Note the display=swap parameter included in the Google Fonts URL. This corresponds to the CSS font-display: swap behavior, which instructs the browser to render text in a fallback font immediately while the custom font loads in the background. This is an important performance and Core Web Vitals consideration — it prevents invisible text during page load and improves your site's Largest Contentful Paint (LCP) score.

Frequently Asked Questions

Is Nexa free to use?

Nexa is a commercial typeface sold by Fontfabric. It is not free for professional or commercial use. A limited version called Nexa Free — typically including two weights, Light and Bold — has been made available at no cost, but it comes with usage restrictions. For full access to the complete Nexa family and unrestricted commercial licensing, you'll need to purchase a license directly from Fontfabric's website or a font retailer.

What is the closest free alternative to Nexa?

Poppins is the closest freely available alternative to Nexa, with an estimated similarity of around 75%. It shares Nexa's geometric construction, high x-height, and modern, neutral character. Poppins is available for free through Google Fonts under the Open Font License (OFL), making it suitable for both personal and commercial projects without any licensing fees.

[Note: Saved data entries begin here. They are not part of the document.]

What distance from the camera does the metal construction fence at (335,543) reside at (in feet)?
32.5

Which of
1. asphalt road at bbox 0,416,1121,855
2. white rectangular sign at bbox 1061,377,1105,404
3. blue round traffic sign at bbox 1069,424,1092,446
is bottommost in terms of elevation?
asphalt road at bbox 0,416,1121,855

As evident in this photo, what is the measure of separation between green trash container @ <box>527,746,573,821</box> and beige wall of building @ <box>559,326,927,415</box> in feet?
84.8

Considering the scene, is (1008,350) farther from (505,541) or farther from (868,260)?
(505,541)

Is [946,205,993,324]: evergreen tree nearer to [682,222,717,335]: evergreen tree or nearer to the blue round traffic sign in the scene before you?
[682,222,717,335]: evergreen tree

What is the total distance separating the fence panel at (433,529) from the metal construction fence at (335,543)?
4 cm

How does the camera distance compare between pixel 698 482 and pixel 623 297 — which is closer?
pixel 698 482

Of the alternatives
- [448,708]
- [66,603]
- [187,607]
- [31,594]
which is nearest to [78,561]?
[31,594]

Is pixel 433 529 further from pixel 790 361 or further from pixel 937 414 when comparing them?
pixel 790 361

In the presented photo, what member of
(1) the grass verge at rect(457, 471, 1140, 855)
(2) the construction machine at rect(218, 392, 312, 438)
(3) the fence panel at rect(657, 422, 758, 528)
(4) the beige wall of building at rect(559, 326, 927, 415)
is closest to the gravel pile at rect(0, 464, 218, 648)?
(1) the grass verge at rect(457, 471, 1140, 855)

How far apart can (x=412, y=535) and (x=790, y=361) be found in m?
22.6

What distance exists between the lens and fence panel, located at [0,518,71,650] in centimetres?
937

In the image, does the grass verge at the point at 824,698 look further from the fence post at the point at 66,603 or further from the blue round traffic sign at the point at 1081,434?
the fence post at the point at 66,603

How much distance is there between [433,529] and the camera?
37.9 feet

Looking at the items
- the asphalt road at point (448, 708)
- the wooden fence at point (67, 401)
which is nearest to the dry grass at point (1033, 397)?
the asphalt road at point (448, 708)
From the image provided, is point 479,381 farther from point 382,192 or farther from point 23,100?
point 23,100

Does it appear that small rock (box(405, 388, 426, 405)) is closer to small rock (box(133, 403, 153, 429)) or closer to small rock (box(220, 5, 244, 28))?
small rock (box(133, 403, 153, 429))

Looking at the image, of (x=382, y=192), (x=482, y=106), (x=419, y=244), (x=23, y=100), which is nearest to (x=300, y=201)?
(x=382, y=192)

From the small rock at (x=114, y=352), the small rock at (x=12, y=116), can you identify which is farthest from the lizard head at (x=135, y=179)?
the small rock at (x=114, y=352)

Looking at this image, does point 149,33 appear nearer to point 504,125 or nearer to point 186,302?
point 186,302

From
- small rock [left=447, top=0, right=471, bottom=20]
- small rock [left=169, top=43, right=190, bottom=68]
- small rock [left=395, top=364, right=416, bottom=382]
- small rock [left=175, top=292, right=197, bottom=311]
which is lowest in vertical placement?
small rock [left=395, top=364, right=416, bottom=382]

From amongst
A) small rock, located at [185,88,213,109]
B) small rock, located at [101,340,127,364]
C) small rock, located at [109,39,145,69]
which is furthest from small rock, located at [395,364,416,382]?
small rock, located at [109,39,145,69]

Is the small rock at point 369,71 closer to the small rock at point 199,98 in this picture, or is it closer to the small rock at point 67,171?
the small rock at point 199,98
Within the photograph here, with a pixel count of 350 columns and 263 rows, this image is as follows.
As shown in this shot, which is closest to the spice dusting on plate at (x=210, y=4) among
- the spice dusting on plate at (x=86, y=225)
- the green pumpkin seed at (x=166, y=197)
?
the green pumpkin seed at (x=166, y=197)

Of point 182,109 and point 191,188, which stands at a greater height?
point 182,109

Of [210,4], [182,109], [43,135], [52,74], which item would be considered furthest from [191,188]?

Can I use Poppins commercially?

Yes, absolutely. Poppins is released under the SIL Open Font License (OFL), which permits free use in personal and commercial projects alike. You can embed it in websites, apps, print materials, and products without paying licensing fees or providing attribution. This makes it one of the most practical free alternatives for professional design work.

Which Nexa alternative is best for web and app interfaces?

For UI and web design specifically, Poppins and Outfit are the top recommendations. Poppins offers the broadest weight range and the most visual similarity to Nexa, while Outfit is optimized for screen rendering and has a slightly crisper, more technical feel. Both are available on Google Fonts, load efficiently, and render cleanly across all modern browsers and operating systems. Your choice between them will depend on whether you want a warmer, rounder feel (Poppins) or a sharper, more minimal aesthetic (Outfit).